Does such a prominent player, a player who influenced how the game was played and viewed by fans, deserve a lifelong ban from the sport he loves?
That was the punishment imposed on former Cincinnati Reds catcher and manager Pete Rose.
Despite all of his accomplishments, and his part in advancing baseball, in 1989 Rose was banished from the game he played all of his life, for the rest of his life by then-baseball commissioner Bart Giamatti. Giamatti claimed that he had evidence that Rose bet on baseball in general and his team in particular, accumulating enormous debts in the process.
By allegedly betting on baseball while still a part of the game, Rose violated Rule 21(d) of Major League Baseball’s Code of Conduct. Although he accepted the verdict, he and Giamatti signed a document stating that Rose neither admitted nor denied the accusations against him, according to an article from CNNSI, published in 1999.

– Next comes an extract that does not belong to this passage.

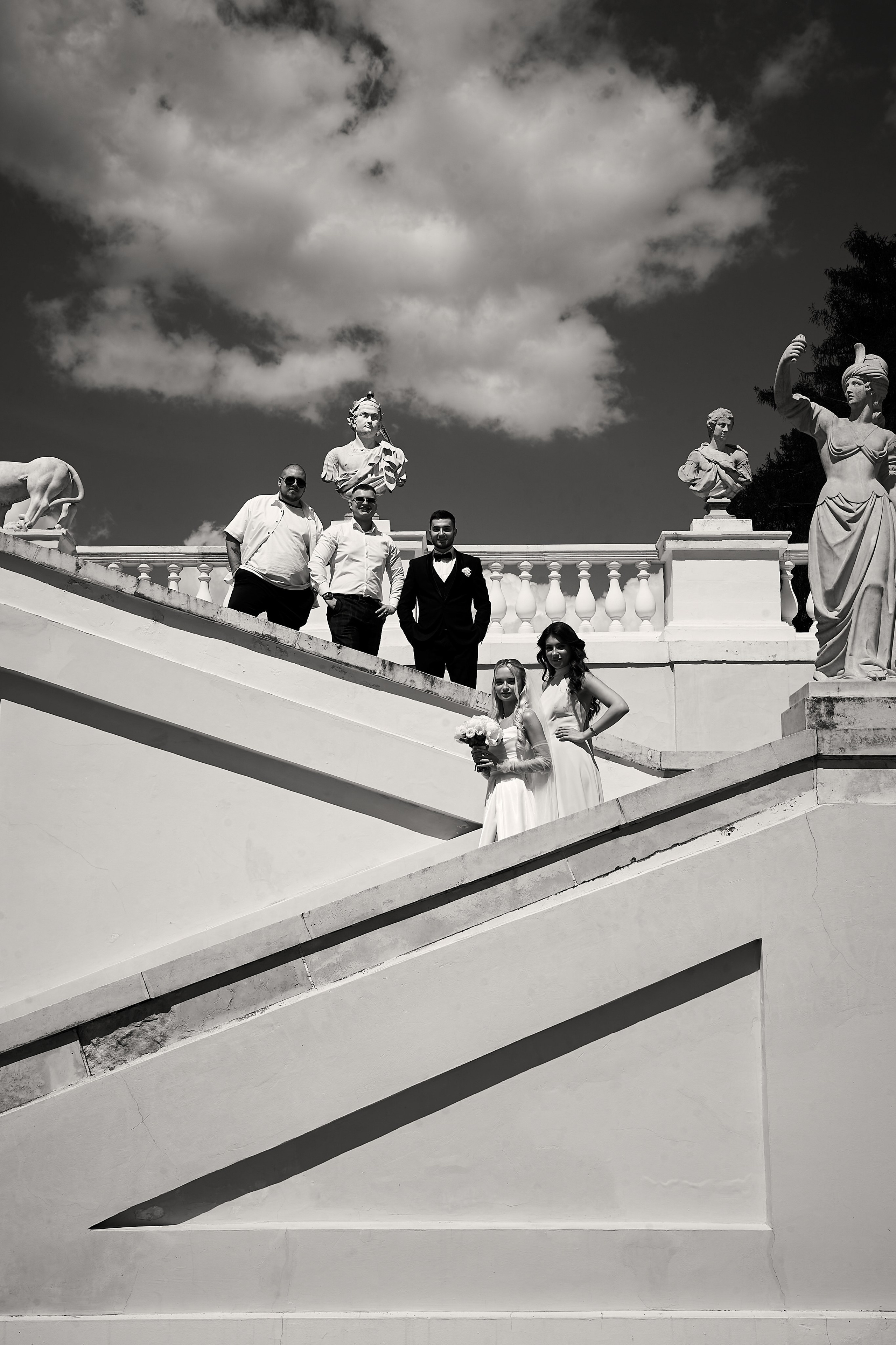 Станислав & Виктория. Фотограф Ульяна Соколова Москва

Fourteen years later, current commissioner Bud Selig is considering reinstating Rose. But, of course, there is a stipulation, as is Selig’s trademark.
Selig has said that, in order for Rose to be allowed back, he has to first admit that he bet on games, which he had not openly done to this day. Secondly, he as to apologize for his actions. The evidence against Rose, as presented by Giamatti in 1989 was compelling, although there were two things worth noting. First, there was no evidence showing that he ever bet against his team, which is a big deal. Second, there was no definitive evidence proving that he actually betted.
I do believe he bet on baseball, but the point is that in any court of law, if there is no definitive evidence, then the jury can’t find the accused guilty.
Although I feel Selig’s reasons for this action may be to raise the declining interest level of baseball and to enhance his own self-image, the fact that Rose is finally getting serious consideration for reinstatement is justice being served.